We have had a number of conversations with clients recently relating to the lack of company governance documents available as they prepare for an exit. The usual scenario is that we are brought in after they have signed a letter of intent and received the due diligence checklist from the buyer and they see this large section right up front that tells them to produce the company record books, including minutes of meetings of the governing group. The client then calls us and says “we don’t have any of that, is it really needed or should we just answer “none” on the diligence list?”
Answering that question usually depends on what kind of entity they have and, in a few circumstances, who the buyer is.
As far as entity, if the company is a Colorado corporation, there are indeed some things that must be in the company record book just from a “legal” status point of view. That includes (i) annual meetings/minutes of the stockholders and (ii) a stock ledger.
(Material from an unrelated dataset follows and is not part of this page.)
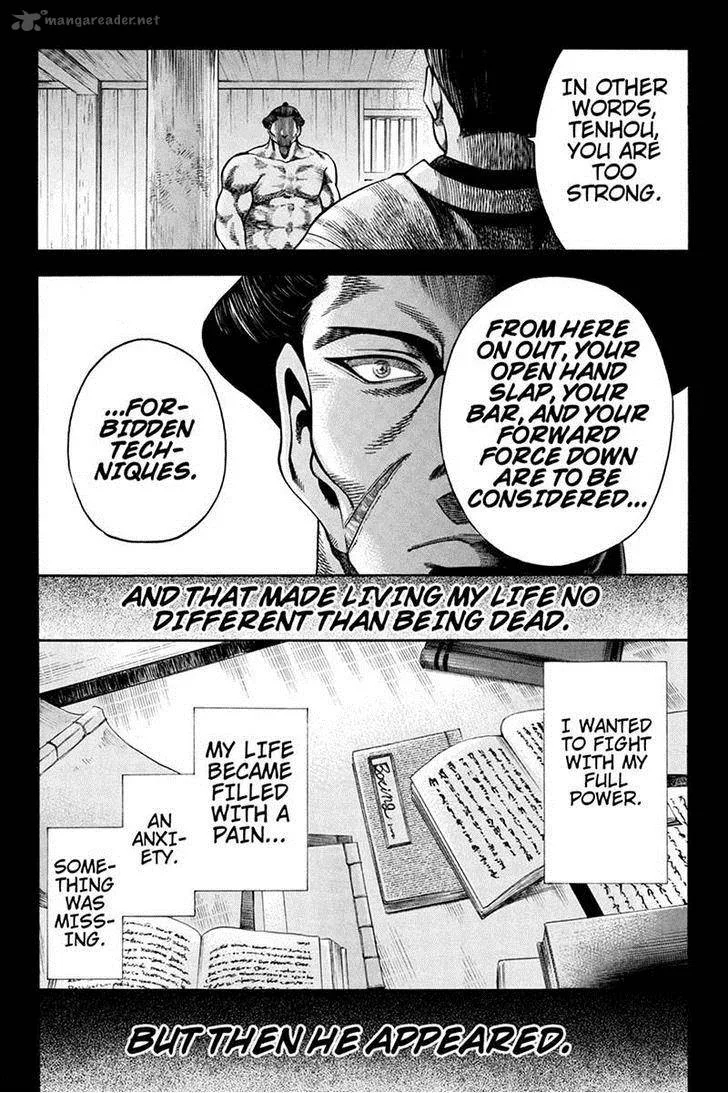 Yukikaze - Meiji Ishu Kakutouden Chapter 11 page 11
Colorado’s statutes require a stock ledger. This is simple enough - list out each of the stockholders with their addresses and show the number of shares each of them owns. As far as shareholder minutes, there has been some discussion about whether or not that is needed as some large law firms in Colorado are informing clients that they don’t need them because the failure to have an annual meeting does not dissolve the corporation. We disagree with the first part (that they don’t need them) but acknowledge that the 2nd part is a true statement (the company won’t be dissolved). Colorado’s statutes say that an “annual meeting of the shareholders shall be held … for the purpose of electing the board of directors.” The word “shall” means that it is not discretionary. Annual stockholder meetings are easy, especially for small closely-held companies. If everyone is on the same page, you just prepare some written consent minutes that elect the board of directors for the year, have each of the stockholders sign, and you’re done. If you have a more complex ownership structure, check your bylaws and call a meeting of the stockholders. In most cases, you’ll be able to do that by conference call if not everyone is in the same spot.
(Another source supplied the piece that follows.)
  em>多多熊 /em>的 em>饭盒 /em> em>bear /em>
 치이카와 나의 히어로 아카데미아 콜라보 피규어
So, what happens if the company does not have a ledger or does not have annual shareholder minutes – potential personal exposure to the officers, directors and/or stockholders if something goes wrong. If things go wrong, and insurance is not enough to cover the greedy plaintiff lawyers, those greedy plaintiff lawyers try to figure out how to pierce the corporation’s veil and go after the owners personally. Not having proper governance in place, especially items required by statute, gives them that much more ammunition to take a run at the owners. It does not mean that they will win, but considering how easy it is to do annual stockholder consent minutes for a closely held company and have a stock ledger, why risk the time and expense of that portion of the lawsuit?
What about a limited liability company? While there is nothing in the statutes that requires an LLC to have any particular governance records, other than the operating agreement, we recommend that you have annual meeting minutes of the members in a manager-managed LLC to have the members elect the managers, just to be safe. Since LLC’s are not nearly as old as corporations, and since those same greedy plaintiff lawyers keep pushing to pierce the LLC veil (and, in some cases have now been successful) and since at least a couple of court cases have discussed a lack of governance records on the part of the LLC as a reason to allow the veil to be pierced, it is probably a matter of time before veil piercing in and LLC starts to take on the same scenarios as a corporation. So again, why risk it for something so simple?
Now, as far as the buyer – some are very shy of companies that don’t have any governance. For them, it is not as much of a “risk” scenario as it is tied to how well management understands running a company. If there are no governance records, the concern is that the management is not always on top of the details and, as such, due diligence may take a bit more effort (in both time and cost to both sides).